Little did I knew, they had something planned for me.
It was my sister’s idea to send me to a boarding school. I begged them not to. They refused to listen and convinced me that it was for my own good. Deep inside, I could feel they took a great pride from it. Imagine how proud they’d be, telling the relatives and neighbors about it.
I couldn’t disappoint them. So, I agreed.
I spent three years away from them. During those years, I put a lot of hard work in so I could live up to my family’s expectations. I knew they had high hopes for me. My sister kept reminding me about the victories I’d gained in the past and my younger siblings made me their role model. The pressure was more than I could handle. It was as if I owed them my success and I had to fulfill that responsibility.
But I couldn’t do it.
All three years, my results were just average. I graduated, as an average student. I wasn’t as brilliant.
Of course, my family was disappointed in me. But they didn’t give up. Not just yet.
My sister had just graduated with Master’s degree, with honors, of course. She arranged for me to get in to the same college. I thought I could finally choose which major I wanted, but she didn’t give me a choice. It had to be business, just like she did. She reminded me that I’d already failed to fulfill my responsibility, so this time I had to put extra effort to achieve.
My family ignored me when I said I wasn’t interested in business.
I started to feel resentful of them. My relationship with my family became strained. Still, I gave it a try for them. I overworked to reach their impossible expectations and my health started to deteriorate.
I failed even worse than before. This time, my results weren’t just average, they were awful.
I failed to give my family what they wanted: a brilliant student, a high achiever. I’d failed them all. There are no words to describe the guilt I felt for disappointing them. But when my parents blamed me for not trying hard enough, my heart dropped.
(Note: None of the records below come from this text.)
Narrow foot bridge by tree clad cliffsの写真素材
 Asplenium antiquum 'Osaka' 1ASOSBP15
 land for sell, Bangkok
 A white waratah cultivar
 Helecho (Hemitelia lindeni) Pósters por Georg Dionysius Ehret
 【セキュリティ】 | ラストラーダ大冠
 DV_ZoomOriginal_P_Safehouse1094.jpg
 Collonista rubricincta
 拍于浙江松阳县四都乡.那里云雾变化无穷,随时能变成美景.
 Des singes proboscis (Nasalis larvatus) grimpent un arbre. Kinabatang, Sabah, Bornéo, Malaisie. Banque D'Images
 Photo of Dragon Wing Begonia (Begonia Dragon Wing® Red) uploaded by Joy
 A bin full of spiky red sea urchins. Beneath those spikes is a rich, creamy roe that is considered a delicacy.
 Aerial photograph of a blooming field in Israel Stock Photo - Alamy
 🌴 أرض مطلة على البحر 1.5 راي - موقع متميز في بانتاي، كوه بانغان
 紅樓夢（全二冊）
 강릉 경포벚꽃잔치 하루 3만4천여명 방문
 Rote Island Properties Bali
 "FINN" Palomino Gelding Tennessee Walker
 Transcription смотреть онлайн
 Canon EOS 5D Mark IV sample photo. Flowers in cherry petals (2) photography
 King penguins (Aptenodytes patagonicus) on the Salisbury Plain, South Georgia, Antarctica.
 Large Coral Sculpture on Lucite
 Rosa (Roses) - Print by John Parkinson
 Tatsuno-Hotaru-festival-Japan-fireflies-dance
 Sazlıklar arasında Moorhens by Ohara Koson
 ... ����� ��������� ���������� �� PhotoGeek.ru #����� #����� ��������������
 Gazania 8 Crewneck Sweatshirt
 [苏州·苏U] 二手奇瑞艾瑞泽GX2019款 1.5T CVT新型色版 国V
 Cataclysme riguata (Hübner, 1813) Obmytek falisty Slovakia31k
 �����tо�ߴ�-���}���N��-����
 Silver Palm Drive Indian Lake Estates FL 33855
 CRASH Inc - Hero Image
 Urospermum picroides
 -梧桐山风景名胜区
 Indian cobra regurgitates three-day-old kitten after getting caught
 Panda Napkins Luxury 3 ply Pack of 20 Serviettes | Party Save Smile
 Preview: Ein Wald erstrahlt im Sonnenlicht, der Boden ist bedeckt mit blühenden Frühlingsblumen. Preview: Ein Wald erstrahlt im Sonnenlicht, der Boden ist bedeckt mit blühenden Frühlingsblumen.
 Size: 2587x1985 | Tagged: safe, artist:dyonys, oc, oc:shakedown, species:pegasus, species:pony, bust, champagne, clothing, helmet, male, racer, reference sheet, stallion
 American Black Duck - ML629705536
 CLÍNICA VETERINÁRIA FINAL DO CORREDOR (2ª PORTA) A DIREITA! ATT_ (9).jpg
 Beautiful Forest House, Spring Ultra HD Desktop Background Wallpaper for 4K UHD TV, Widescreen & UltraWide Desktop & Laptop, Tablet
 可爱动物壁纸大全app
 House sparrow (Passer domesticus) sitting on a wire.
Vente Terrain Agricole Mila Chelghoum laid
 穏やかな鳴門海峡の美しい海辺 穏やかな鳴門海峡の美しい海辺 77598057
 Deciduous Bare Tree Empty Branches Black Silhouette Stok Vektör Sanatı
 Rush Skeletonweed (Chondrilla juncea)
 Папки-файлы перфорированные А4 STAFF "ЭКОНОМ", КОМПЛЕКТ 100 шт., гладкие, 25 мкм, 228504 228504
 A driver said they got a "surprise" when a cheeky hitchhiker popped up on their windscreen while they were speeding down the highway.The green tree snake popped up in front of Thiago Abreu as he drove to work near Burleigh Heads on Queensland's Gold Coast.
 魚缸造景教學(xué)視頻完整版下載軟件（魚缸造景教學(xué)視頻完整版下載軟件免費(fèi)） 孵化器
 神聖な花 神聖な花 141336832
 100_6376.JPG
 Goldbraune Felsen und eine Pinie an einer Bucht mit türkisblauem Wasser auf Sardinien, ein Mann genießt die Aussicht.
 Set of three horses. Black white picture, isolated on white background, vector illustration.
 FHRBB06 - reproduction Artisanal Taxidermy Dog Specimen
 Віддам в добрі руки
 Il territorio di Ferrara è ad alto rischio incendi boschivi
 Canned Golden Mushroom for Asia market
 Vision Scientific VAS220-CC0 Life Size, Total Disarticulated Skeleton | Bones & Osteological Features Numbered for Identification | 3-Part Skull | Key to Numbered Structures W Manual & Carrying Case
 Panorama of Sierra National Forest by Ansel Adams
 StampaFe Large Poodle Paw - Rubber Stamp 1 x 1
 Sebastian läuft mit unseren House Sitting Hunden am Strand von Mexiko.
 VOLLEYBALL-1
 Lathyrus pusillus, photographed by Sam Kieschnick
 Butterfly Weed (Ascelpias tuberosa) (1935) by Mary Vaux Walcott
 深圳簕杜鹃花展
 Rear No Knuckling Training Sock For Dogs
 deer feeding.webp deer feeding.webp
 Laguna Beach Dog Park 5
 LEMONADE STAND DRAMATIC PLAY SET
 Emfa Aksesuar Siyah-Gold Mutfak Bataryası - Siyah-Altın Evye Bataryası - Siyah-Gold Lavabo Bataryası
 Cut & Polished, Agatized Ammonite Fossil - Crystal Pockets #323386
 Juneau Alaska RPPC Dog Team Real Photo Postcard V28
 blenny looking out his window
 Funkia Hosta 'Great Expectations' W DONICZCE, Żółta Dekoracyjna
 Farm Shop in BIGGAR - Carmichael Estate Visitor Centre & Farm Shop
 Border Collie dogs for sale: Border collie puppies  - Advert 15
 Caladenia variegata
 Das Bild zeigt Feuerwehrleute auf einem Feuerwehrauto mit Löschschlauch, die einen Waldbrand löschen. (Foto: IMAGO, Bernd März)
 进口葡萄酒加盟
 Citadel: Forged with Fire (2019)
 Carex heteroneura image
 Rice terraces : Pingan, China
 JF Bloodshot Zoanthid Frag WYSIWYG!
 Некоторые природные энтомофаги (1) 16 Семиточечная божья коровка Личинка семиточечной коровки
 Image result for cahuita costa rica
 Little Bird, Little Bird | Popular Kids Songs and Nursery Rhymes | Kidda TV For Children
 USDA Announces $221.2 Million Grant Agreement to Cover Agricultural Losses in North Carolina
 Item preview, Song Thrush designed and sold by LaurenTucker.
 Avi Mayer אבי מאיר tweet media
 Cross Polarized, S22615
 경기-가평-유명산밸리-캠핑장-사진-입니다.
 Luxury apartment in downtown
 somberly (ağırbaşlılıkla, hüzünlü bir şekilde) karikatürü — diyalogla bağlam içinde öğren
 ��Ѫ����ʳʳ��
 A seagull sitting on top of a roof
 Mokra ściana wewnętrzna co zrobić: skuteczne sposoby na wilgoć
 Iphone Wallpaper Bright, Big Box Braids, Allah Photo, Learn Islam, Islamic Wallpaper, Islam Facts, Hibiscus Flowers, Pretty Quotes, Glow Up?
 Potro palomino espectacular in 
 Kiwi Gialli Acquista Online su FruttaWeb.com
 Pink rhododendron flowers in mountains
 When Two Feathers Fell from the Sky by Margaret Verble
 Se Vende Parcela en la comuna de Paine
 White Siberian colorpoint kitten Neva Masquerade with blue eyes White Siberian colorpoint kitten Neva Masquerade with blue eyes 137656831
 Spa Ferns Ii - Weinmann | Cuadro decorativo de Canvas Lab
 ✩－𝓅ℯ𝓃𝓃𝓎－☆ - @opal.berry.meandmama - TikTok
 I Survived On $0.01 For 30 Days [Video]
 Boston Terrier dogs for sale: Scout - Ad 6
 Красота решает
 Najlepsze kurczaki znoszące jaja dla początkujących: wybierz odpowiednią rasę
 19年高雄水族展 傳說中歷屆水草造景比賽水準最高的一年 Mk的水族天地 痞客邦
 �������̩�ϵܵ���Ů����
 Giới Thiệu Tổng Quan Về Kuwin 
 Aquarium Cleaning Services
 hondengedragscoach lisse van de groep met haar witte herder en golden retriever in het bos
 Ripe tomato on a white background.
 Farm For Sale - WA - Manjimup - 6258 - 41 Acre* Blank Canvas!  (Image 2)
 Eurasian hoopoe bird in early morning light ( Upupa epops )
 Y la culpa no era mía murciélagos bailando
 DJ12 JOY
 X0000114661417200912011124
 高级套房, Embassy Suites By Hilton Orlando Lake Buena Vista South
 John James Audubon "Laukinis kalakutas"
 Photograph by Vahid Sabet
Was I at fault for this? I tried my hardest make them happy. What more could I do? I’d been doing my best. Couldn’t they at least appreciate that?
I even abandoned my real passion, writing, to please them. I didn’t tell them, but I’ve always loved writing. It’s always been my passion and back in high school I’d won many writing and poetry competitions. Most of them were first prizes, but my parents were never interested.
While in boarding school, I’d completed a 300 page manuscript.
As a consolation for my ‘failure’ in boarding school, I showed them my work. I just wanted them to feel happy about my accomplishment, to be proud of me. But all I got was a nod from them.
They promised to read it later. But they never did. They never even give it back to me. To this day, I don’t know where it is.
My heart was broken knowing that my talent in writing wasn’t acknowledged. For them, writing was just a hobby, not something that I could pursue as a career. According to them, writing wouldn’t get me anywhere. I should do something that would promise a bright future.
When they accused me of not trying hard enough to succeed, I remembered the manuscript, and my heart filled with anger and regret. I’d had enough of trying to meet their ridiculous expectations. Years of my life had been snatched away trying to make them happy. For once in my life, I decided to follow my heart.
There was no use in explaining to them why I had to be selfish this time. I have the right to choose and decide my future. This is my life, not theirs. It shouldn’t be wasted by doing things that I hate. I want to spend my life doing something that I love.